Accounting and financial reporting contexts require absolute returns because financial statements must report actual monetary amounts rather than percentages. Similarly, tax calculations depend on absolute gains and losses measured in currency units.

For certain types of absolute return strategies in institutional portfolio management, where the manager's objective is to generate positive returns regardless of market conditions rather than to beat a benchmark, absolute returns provide an appropriate performance measure. These strategies are evaluated on their ability to generate positive dollar returns, not on their relative performance versus a benchmark index.

Discrete Returns

Discrete returns are most appropriate when dealing with discrete time intervals—daily, weekly, monthly, or annual returns calculated at specific points in time. They're ideal when you need to aggregate returns across different assets within a single time period, as in portfolio return calculations.

For performance reporting and benchmarking, discrete returns provide the standard measure. Investment managers are typically evaluated based on their discrete returns relative to benchmark indices, and these returns are what investors ultimately care about in practical terms.

In applications where the focus is on single-period analysis rather than multi-period compounding, discrete returns offer optimal simplicity without sacrificing meaningful information. They're also preferred when communicating with less sophisticated audiences who may not be familiar with logarithmic calculations.

Continuous Returns

Continuous returns are most appropriate when conducting theoretical analysis, particularly in continuous-time models. Any application of the Black-Scholes model or its extensions requires continuous returns due to the model's mathematical structure.

For time-series analysis and econometric modeling, continuous returns offer significant advantages. Their additivity simplifies regression analysis, and their better conformity to normal distributions facilitates statistical inference. When building forecasting models or conducting statistical tests, continuous returns often provide more reliable results.

In risk management applications, particularly those involving Value-at-Risk (VaR) calculations or scenario analysis, continuous returns offer both computational convenience and better statistical properties.

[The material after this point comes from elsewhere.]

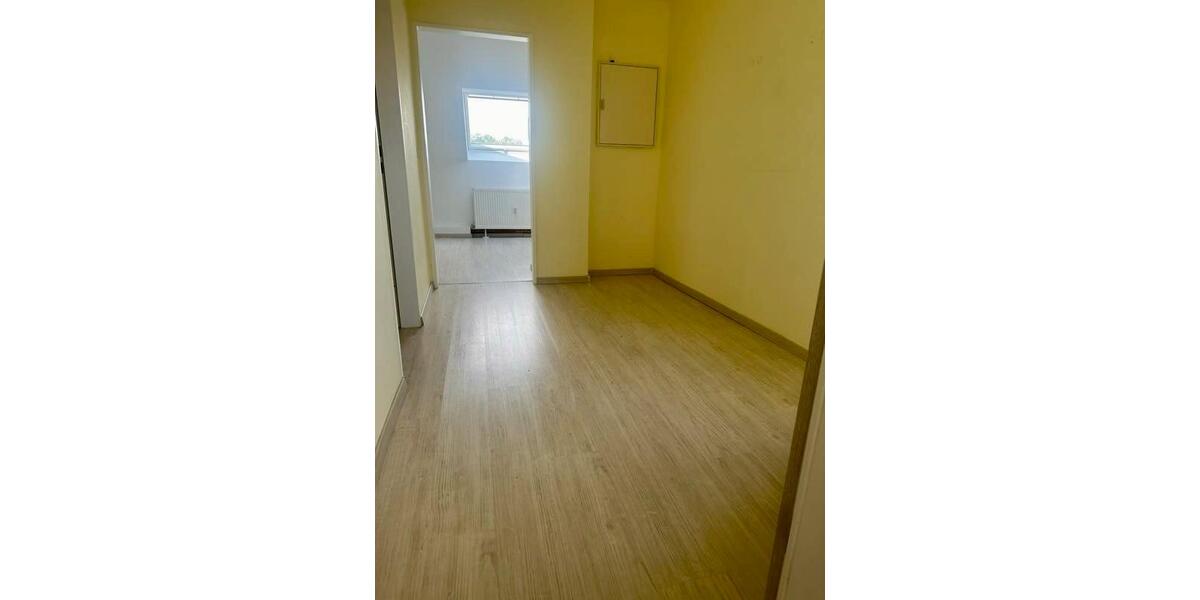 Dachgeschoßwohnung Freigericht - 3.5 Zimmer, 111 m&sup2;, 1.100&euro; | Angebot:25853896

Many risk models assume normally distributed returns, an assumption that works better with continuous returns.

When analyzing returns over multiple periods, continuous returns eliminate the complexities of multiplicative compounding. If you need to calculate average returns, aggregate returns over time, or decompose total returns into components from different periods, continuous returns provide mathematical simplicity.

Which Shock Type Should be Used for Equities? 'Discrete Proportional Shock' or 'Continuous Proportional Shock', and In Which Scenarios Would Each be Most Appropriate in Risk Management?

In risk management, the concept of "shocks" represents sudden changes in asset prices that affect portfolio values. The choice between discrete and continuous returns for modeling these shocks has important implications for risk measurement and stress testing.

Discrete Proportional Shocks are typically used when modeling risks that occur at discrete intervals- daily market closes, monthly rebalancing dates, or quarterly reporting periods. They're appropriate when you assume that returns are compounded periodically or you're analyzing how a portfolio would respond to specific percentage moves in asset prices.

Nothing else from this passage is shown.